Information supplied:

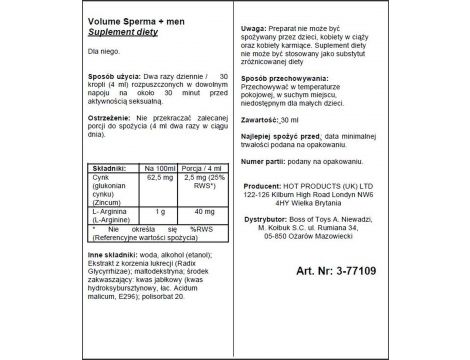 Krople zwiększające objętość spermy Hot 30 ml - 2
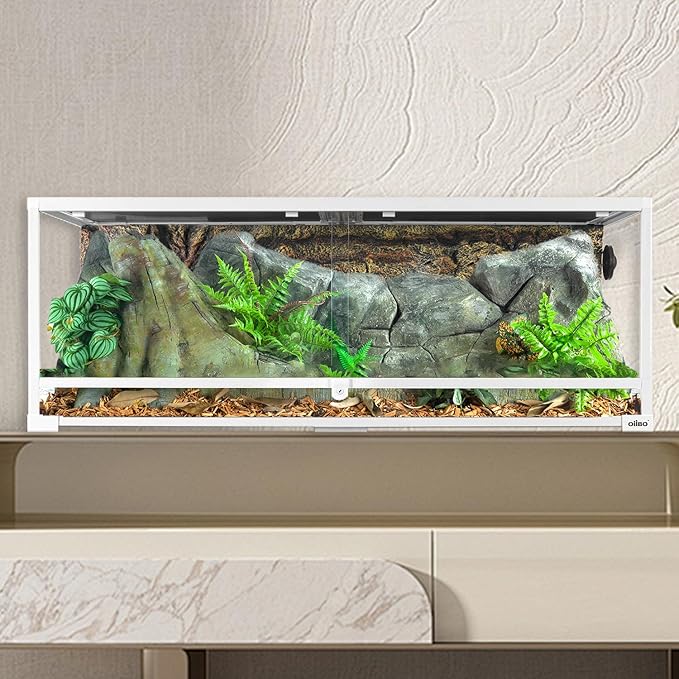 OIIBO 67 Gallon Reptile Tank,48" x 18" x 18" Glass Reptile Tank with Sliding Doors Front Opening Reptiles Terrarium with Screen Ventilation for Snakes,Lguanas, Chameleons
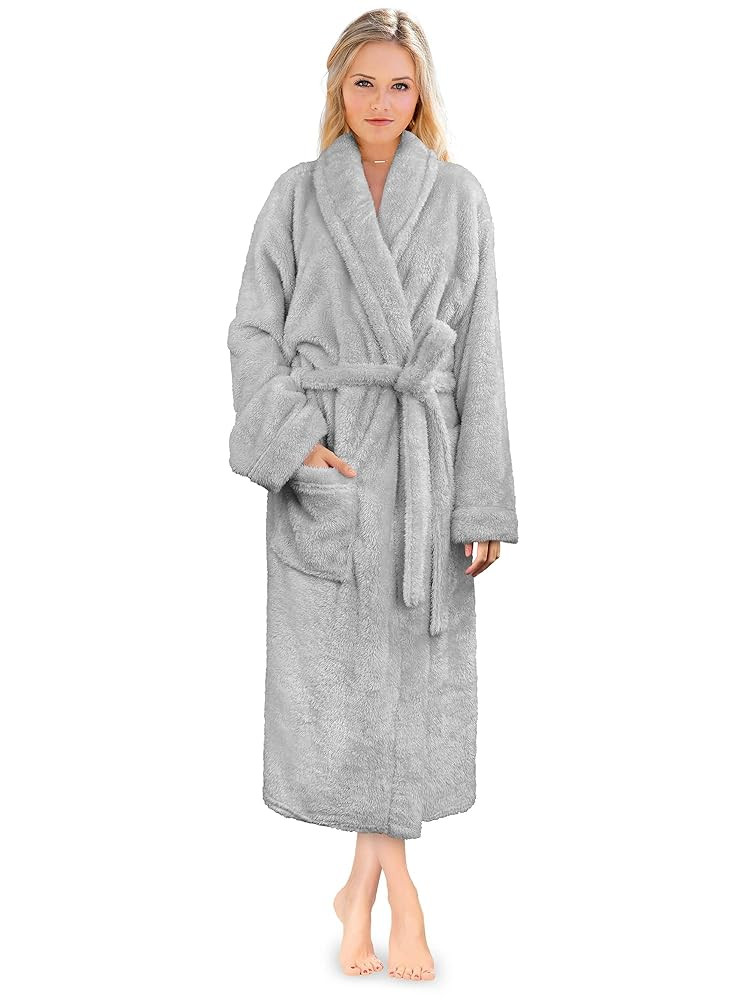 PAVILIA Premium Womens Plush Soft Robe Fluffy, Warm, Fleece Sherpa Shaggy Bathrobe (S/M, Black) | Amazon (US)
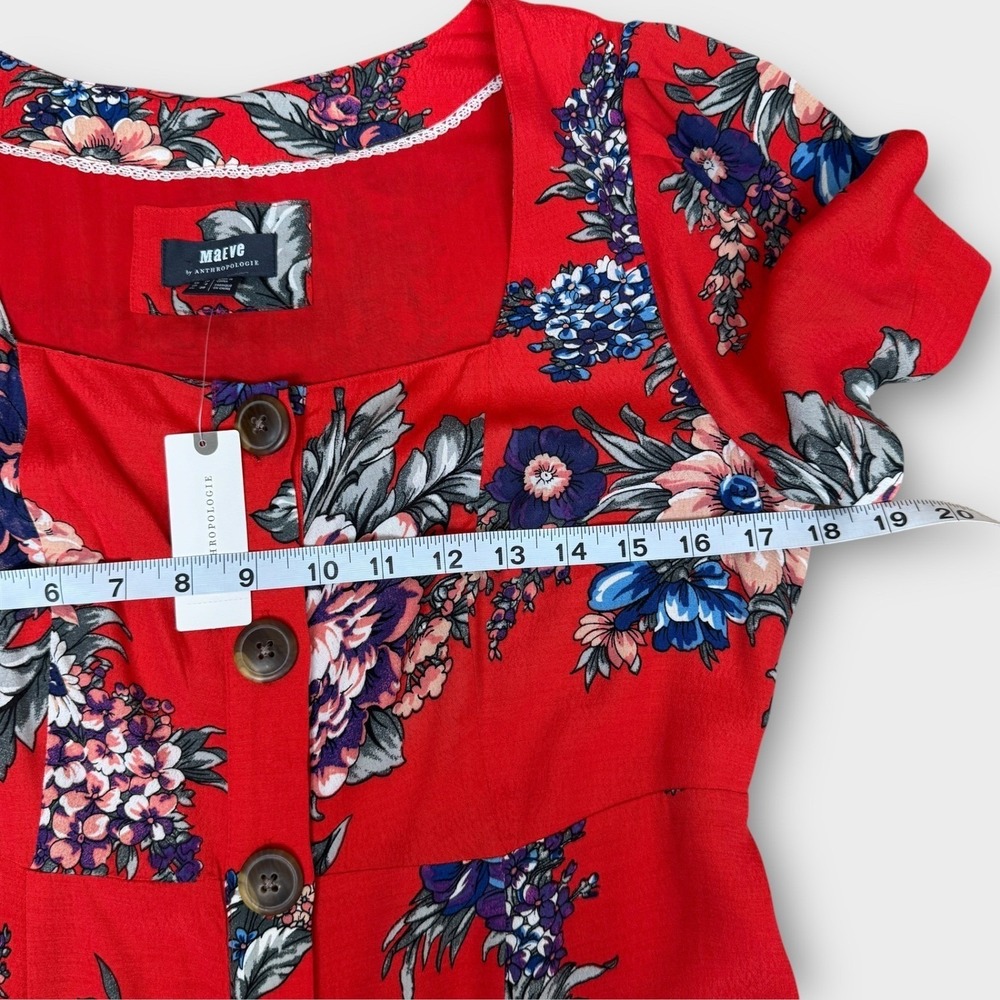 Maeve Anthropologie Caldwell Button Front‎ Dress Womens 6 Red NWT Square Neck - Picture 4 of 10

What to produce:
Write out the material above precisely, leaving each picture behind.

Output:
 Krople zwiększające objętość spermy Hot 30 ml - 2
 OIIBO 67 Gallon Reptile Tank,48" x 18" x 18" Glass Reptile Tank with Sliding Doors Front Opening Reptiles Terrarium with Screen Ventilation for Snakes,Lguanas, Chameleons
 PAVILIA Premium Womens Plush Soft Robe Fluffy, Warm, Fleece Sherpa Shaggy Bathrobe (S/M, Black) | Amazon (US)
 Maeve Anthropologie Caldwell Button Front‎ Dress Womens 6 Red NWT Square Neck - Picture 4 of 10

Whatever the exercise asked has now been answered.